Sunday, June 20, 2010

Friends and Hopewell Rocks Rock

After the inspection we went through for our two hour visit to Campobello Island we approached the border crossing at Calais, Maine with great trepidation. There was no one in line when we drove up and we figured we were in for a long looking over. The guard asked where we were from, how long we were staying in Canada, did we have any guns, booze or tobacco and then wished us a good day and sent us on our way. The whole thing took less than two minutes. Phew!!!
Our first stop in New Brunswick was Ponderosa Pines Campground on the Bay of Fundy. This is an excellent place to stay to see the affects of the bay's huge tides at Hopewell Rocks. The tide the day we were there was over 42 feet high and the shoreline at low tide was 160 feet from were it was at the high point. The height of the tide depends on the phase of the moon with full and new moons producing the highest. The tide rises at six to eight feet an hour and if you stood a couple of feet from the water looking at the impressive rocks, your feet would soon be wet. Over 100 billion tons of water enters and exits the bay twice a day. This is equal to all the water all the world's rivers discharge into the oceans each day. Seeing the tide is impressive and make sure if you visit that you have several hours so you can walk on the bottom and then see how it changes as the tide comes in.

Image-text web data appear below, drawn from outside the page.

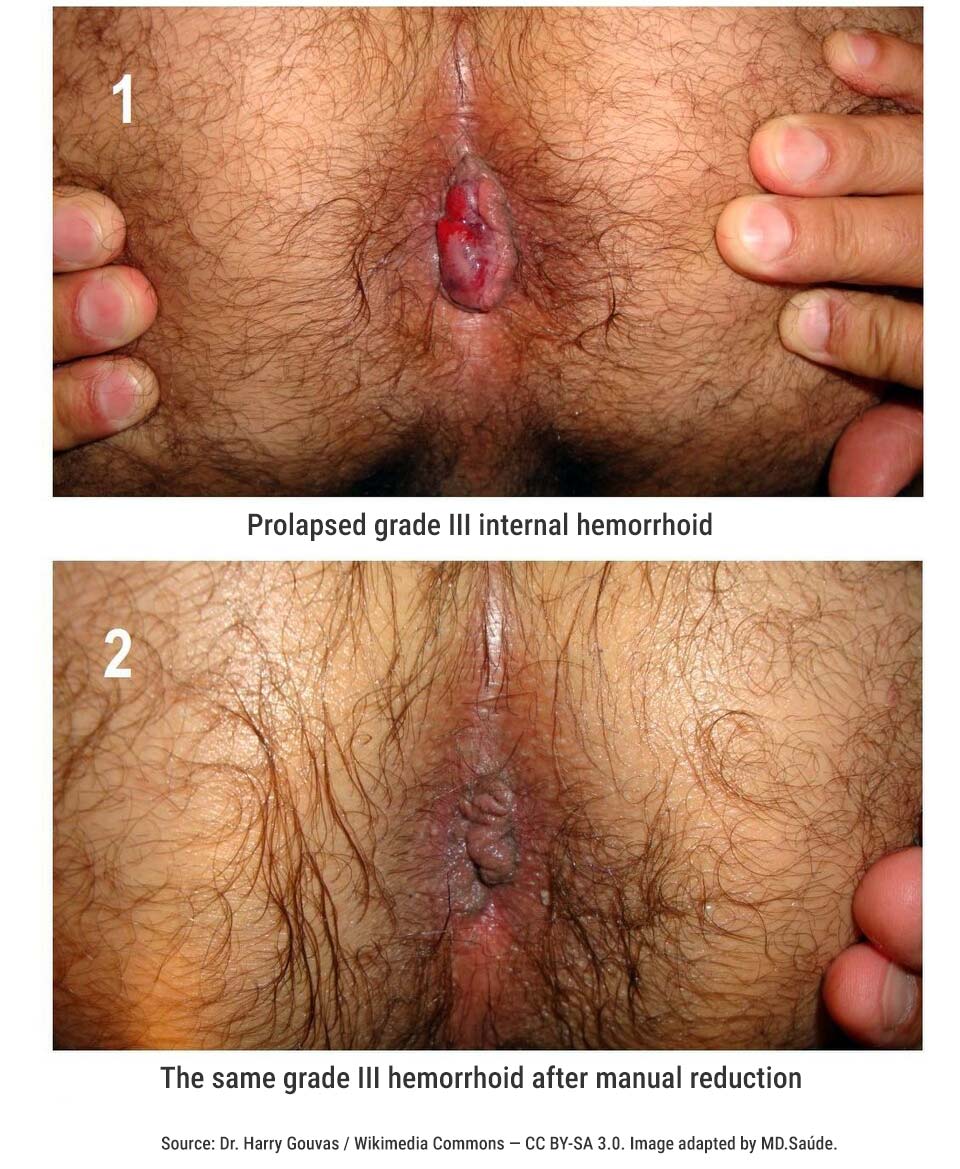Grade III internal hemorrhoid before and after manual reduction.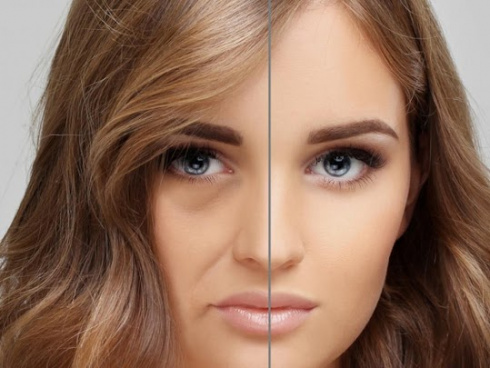 Tratamento do Bigode Chinês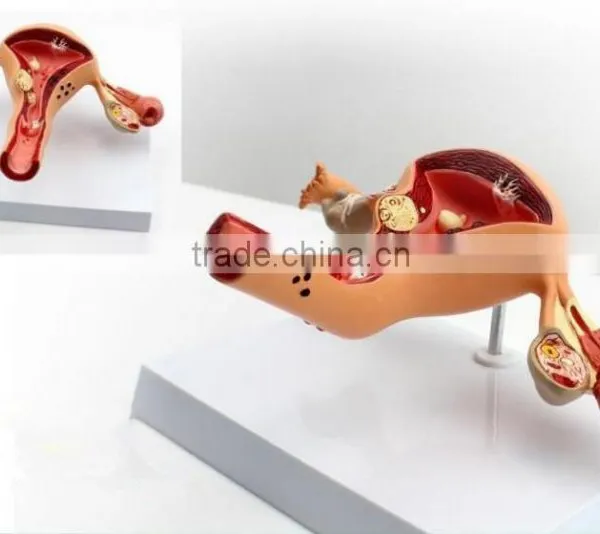 Human Uterus and Ovary Vaginal Pathological Changes Model of Reproductive Department of Gynecology Medical Demonstration Model photo-6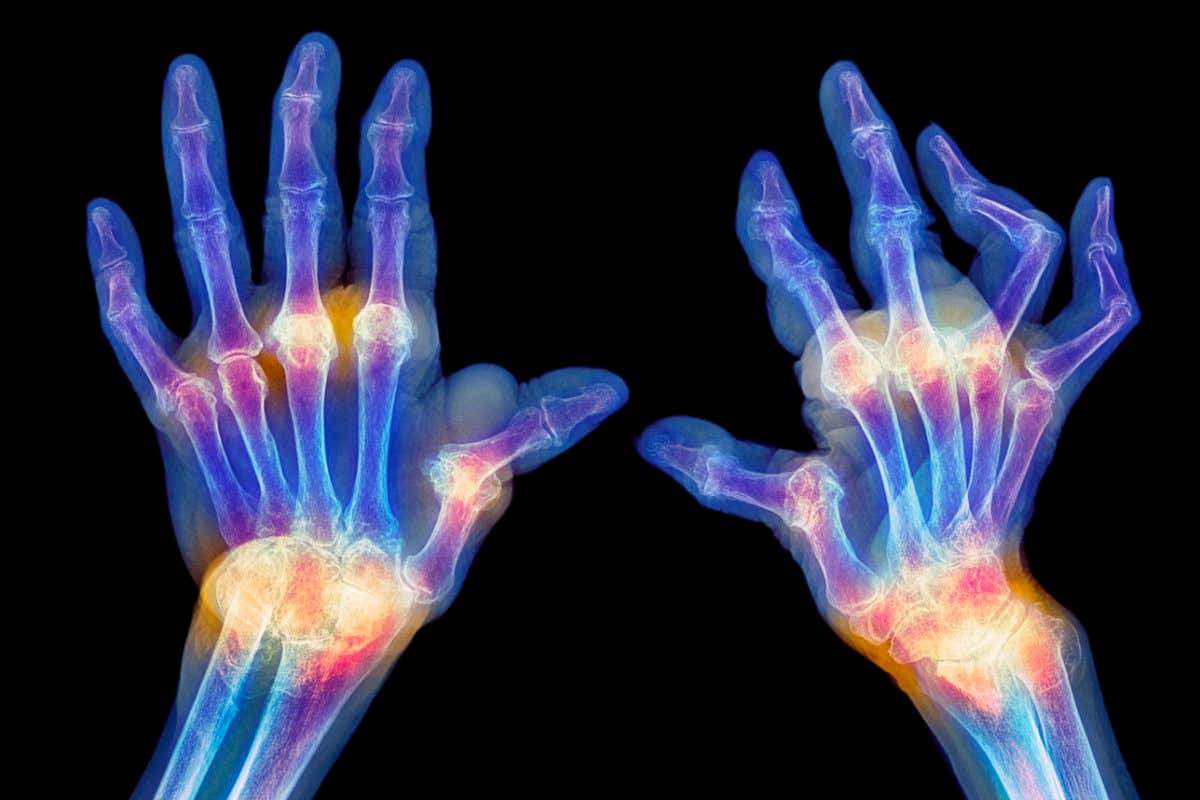 Rheumatoid arthritis of the hands. Coloured bilateral X-ray of the hands and wrists of a patient with rheumatoid arthritis. The arthritis is particularly severe in the hand at right, with several joint deformities. Rheumatoid arthritis is a degenerative autoimmune disease that mainly affects the capsule (synovium) around the synovial (flexible) joints, causing chronic inflammation. It can be a debilitating and painful condition and can lead to deformities and loss of functioning and mobility.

These pictures show the difference in the tide at the bottom of the stairs. On the right it is already two hours after the lowest tide. The kayak tours are always near high tide so if someone runs aground they will soon be floated off by the rising water. Getting grounded during a receding tide could result in being stuck.
This peregrine falcon chick was up on a ledge of one of the flowerpots waiting for mom to return with a meal.
Here we are standing on the bottom of the ocean. The rock formations are called flowerpots because of the mini forests growing on top of them.
These people will soon be in over their heads if they are not back to the stairs in time. There is an emergency tower at the far end of the park for anyone the rangers may miss on their final sweep. If you are stuck there you have to wait atop the tower for a few hours until the tide recedes so you can walk out.
The arch best illustrates the change during the rising water. In the third shot I made the sacrifice and waded in to show how deep it was just before the kayaks came by. The background shows the color of the water which is always a chocolate brown because the silt never settles.
This is what the stream behind the campground and every other stream flowing into the bay looks like at high and low tides. The water actually flows 'upstream' during the rising tide.Our next stop was at the home of Omer and Sylvia Mathieu in Wentworth, Nova Scotia. We met them at Betty's in the spring and they offered us a place to park overnight on our way to Newfoundland. They have a great place in the forest that is surrounded with Sylvia's beautiful flower gardens and feeders that attract many different birds. After feeding us a great meal, Omer got out his guitar and entertained us while we drank his very good homemade wine. We can't thank them enough for their hospitality and they made us feel like we have known them for years. Meeting people on the road is truly the best thing about this lifestyle.